======== DATA SHOWN ========

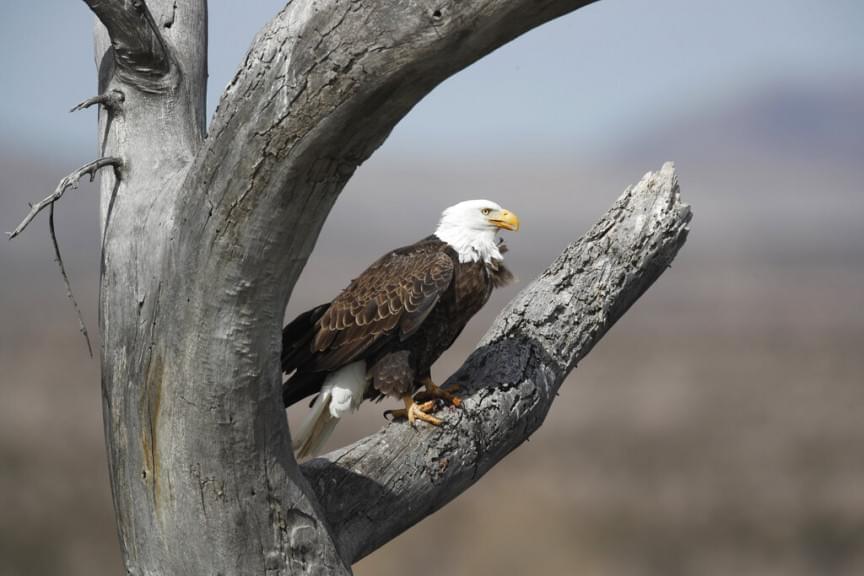 In this Tuesday, March 3, 2020, photograph, a bald eagle sits in a tree in the Bosque Del Apache National Wildlife Refuge near San Antonio, N.M. 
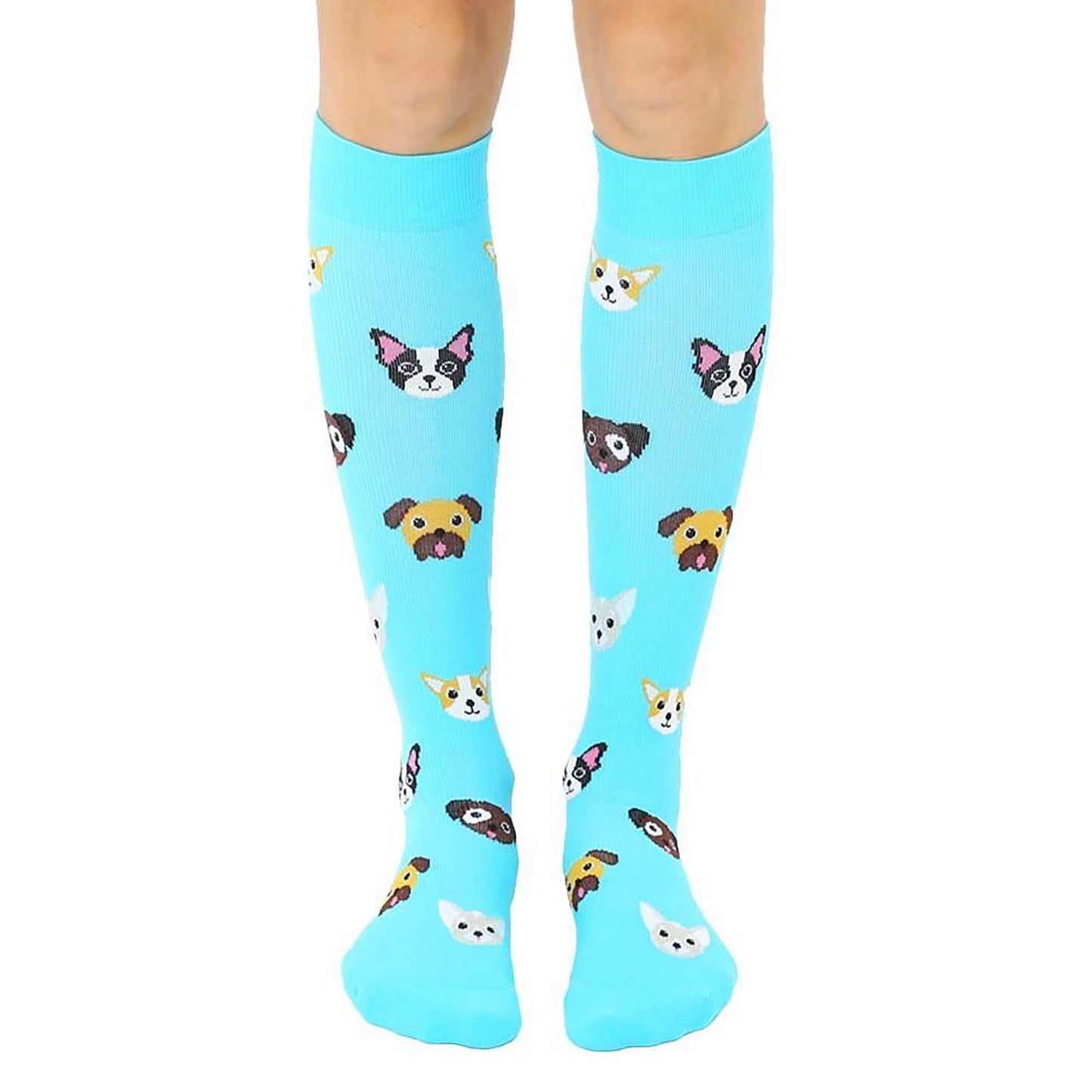 Dog Compression Socks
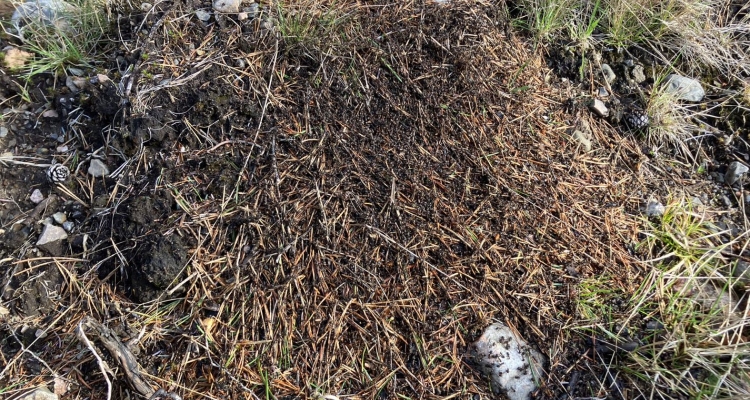 Wood ant nest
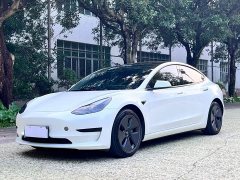 Tesla Model 3 Standard Range RWD Upgrade - ფოტო 1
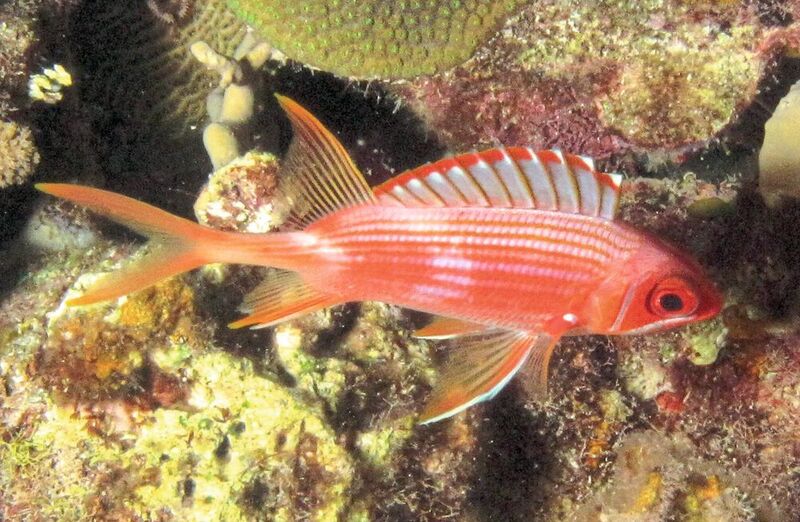 Husarenfisch, einer der vielen nachtaktiven, rifflebenden Fischarten mit besonders großen Augen (A. Dornburg)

========

### WHAT IS NEEDED
Output the line that contains "Wood ant nest" and every line after it to the end of the records, word for word, leaving out the pictures.

### RESULT
 Wood ant nest
 Tesla Model 3 Standard Range RWD Upgrade - ფოტო 1
 Husarenfisch, einer der vielen nachtaktiven, rifflebenden Fischarten mit besonders großen Augen (A. Dornburg)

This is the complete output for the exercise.